Overview of the Japan Chronic Kidney Disease Database (J-CKD-DB) System. The SS-MIX2 (Standardized Structured Medical Information eXchange) leveraged recent progress made in healthcare information standards in Japan, including code standardization regarding laboratory data items and prescription data. The university hospitals participating in J-CKD-DB (left boxes) needed to have electronic health record systems that incorporated SS-MIX2 storage and a template-based structured-data entry function that could transfer the entered data to the SS-MIX2 storage. All data elements are extracted semi-automatically using SS-MIX2 storage and send to J-CKD-DB data centre through HTTPS (upper right box). MCDRS (Multi-purpose Clinical Data Repository System), a software system developed at the University of Tokyo, is adopted for designing and collecting the data elements. The administrative office of J-CKD-DB project is in Kawasaki Medical School (lower middle box). J-CKD-DB is maintained, and data cleaning is carried out at the office (lower right box). AP, application; DB, database; DMZ, demilitarized zone; HTTPS, hypertext transfer protocol secure; SSH, secure shell; SSL, secure sockets layer; VPN, virtual private network.

Figure 2

Age distribution (a,b) and proportion (c,d) of CKD G stage by sex in the J-CKD-DB according to the KDIGO criteria.

Figure 3

Age distribution (a,b) and proportion (c,d) of CKD A stage by sex in the J-CKD-DB according to the KDIGO criteria.

Figure 4

The KDIGO risk classification by age and sex in the J-CKD-DB. According to the KDIGO risk classification, very high-risk (red zone) cases accounted for 30.1% and 25.5% of all cases of male (a) and female (b) patients, respectively.

Figure 5

Age distribution (a,b) and proportion (c,d) of patients by KDIGO risk categories in the J-CKD-DB. The highest proportion of very high-risk (red zone) cases in both sexes is among patients over 85 years of age (c,d).

Figure 6

The plan for the J-CKD-DB project.
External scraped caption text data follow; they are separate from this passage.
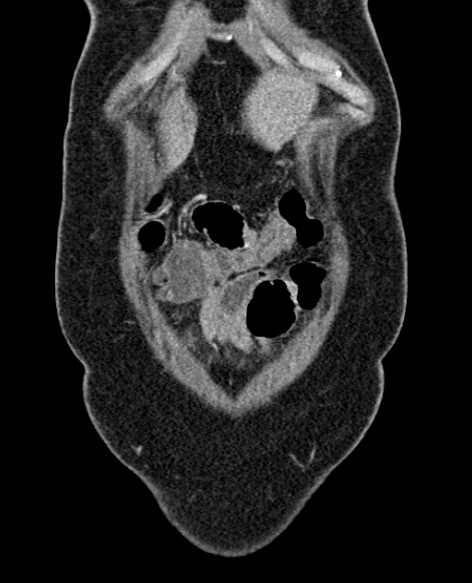 File:Acute appendicitis (Radiopaedia 48792-53822 Coronal C+ portal venous phase 38).jpg
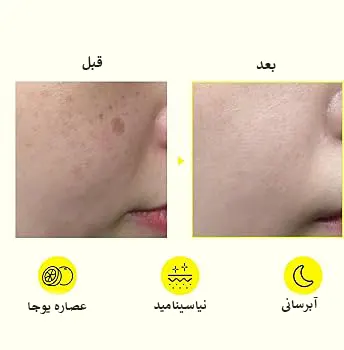 تاثیر کرم ضد لک سام بای می
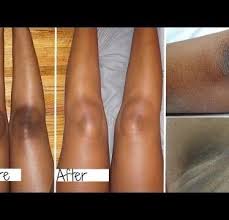 How to remove dark spots on knees. Dark Spot Remover On Body Legs And Tishwebebe Home Facebook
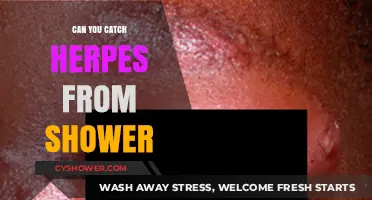 Can You Catch Herpes from a Shower? Debunking the Myth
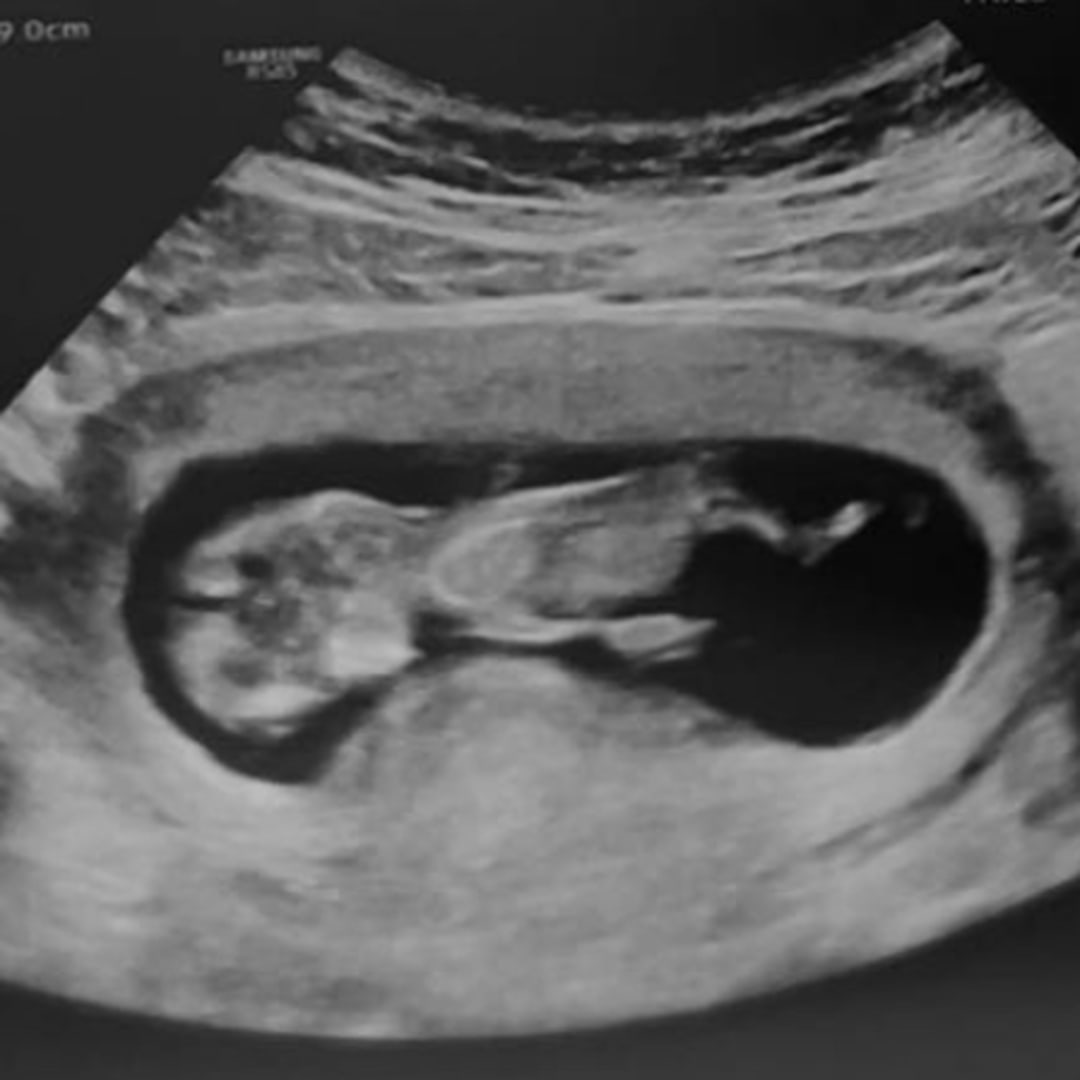 Photo shared by Savannah for their Babylist baby registry.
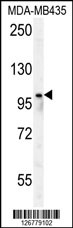 PARP8 Antibody (Center) (Cat. #AP4779c) western blot analysis in MDA-MB435 cell line lysates (35ug/lane).This demonstrates the PARP8 antibody detected the PARP8 protein (arrow).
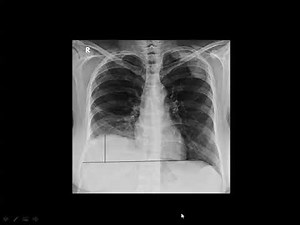 12 Film Reporting Chest - prof.Mamdouh Mahfouz (2019 edition)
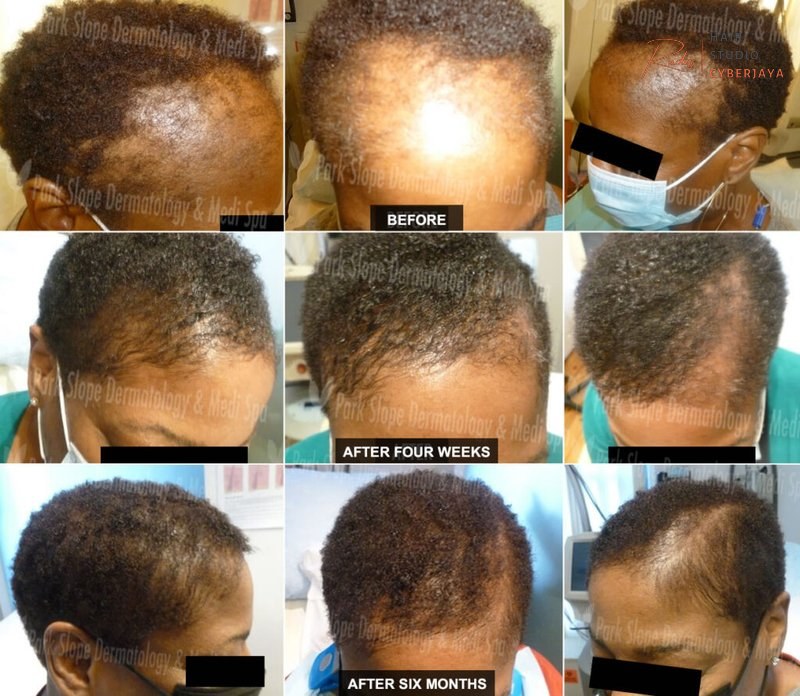 Hair Loss Specialist Brooklyn & NYC – Regrow Your Hair Hair Loss Specialist Brooklyn & NYC – Regrow Your Hair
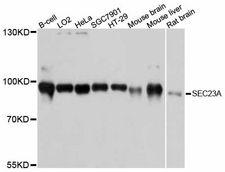 SEC23A / COP II Antibody - Western blot analysis of extracts of various cell lines, using SEC23A antibody at 1:3000 dilution. The secondary antibody used was an HRP Goat Anti-Rabbit IgG (H+L) at 1:10000 dilution. Lysates were loaded 25ug per lane and 3% nonfat dry milk in TBST was used for blocking. An ECL Kit was used for detection and the exposure time was 10s.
The J-CKD-DB (bottom layer) will be integrated into other databases including J-RBR/J-KDR (Japan Renal Biopsy Registry and Japan Kidney Disease Registry) (middle layer). It is also planning to connect J-CKD-DB to biological samples and genomic information after informed consent (top layer) and establishing a multi-layered database that will comprise the J-RBR. Numbers are number of patients/measurements.